Interdisciplinary Discussion Group: Language
On Monday 23rd January, the University of London Interdisciplinary Discussion group met for the third time at King’s College London. The topic in question was ‘language’. We had presentations from linguist turned neuroscientist ‘Ōiwi Parker Jones, and from Lecturer in English and RCUK fellow in Science and Technology, Laura Salisbury. Both talked about language within the context of their work, and this was followed by a discussion with the audience.
‘Ōiwi began by commenting that although he has a background in both linguistics and neuroscience, this is the first time he has ever been forced to bring them together. He discussed Chomsky’s theories of language, reflecting on how exactly language works, before moving on to discuss his current research which concerns predicting language recovery after brain disease by examining the networks that get created in the brain. He also speculated briefly on where, if at all, we can locate language in the brain. He ended by tantalisingly quoting from recent work (Schnupp, Nelken and King, 2011) which posited that language is ‘telepathy’ as it concerns projecting your thoughts into the head of another and vice versa.

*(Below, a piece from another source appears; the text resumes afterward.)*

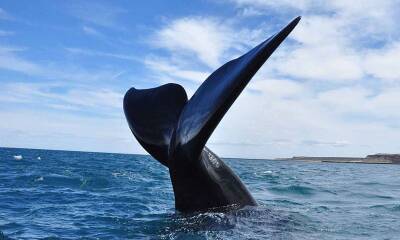 avistaje ballenas peninsula valdes pagina 20jpg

Laura Salisbury then discussed her work on Beckett and aphasia which he has been working on with Professor Christopher Code, an aphasiologist based at the University of Exeter. She traced affinities between Beckett’s presentation of language as something which can be both consciously constructed and pre-consciously and involuntarily uttered and the work of psychologists and neurologists during the contemporaneous and preceding period. She argued that Beckett’s work often vomits forth words which will never fully correspond with the intentionality of his texts, and so it is with us. She related this in particular to the work of the late-nineteenth century neurologist, John Hughlings Jackson who thought that language production involved both conscious and pre-conscious processes. In 1864 he wrote a paper concerning the speech automatisms in aphasics, and Salisbury related this to Beckett’s literary works.
These two wonderful and diverse presentations were then followed by a long and lively discussion between the speakers and audience members. The discussion covered topics such as how to read fMRI scans, the links between neurology and cybernetics, research into animal communication, artificial intelligence and the differences between historical and non-historical interdisciplinary research.
The details of the next meeting will be announced shortly on the discussion group’s website.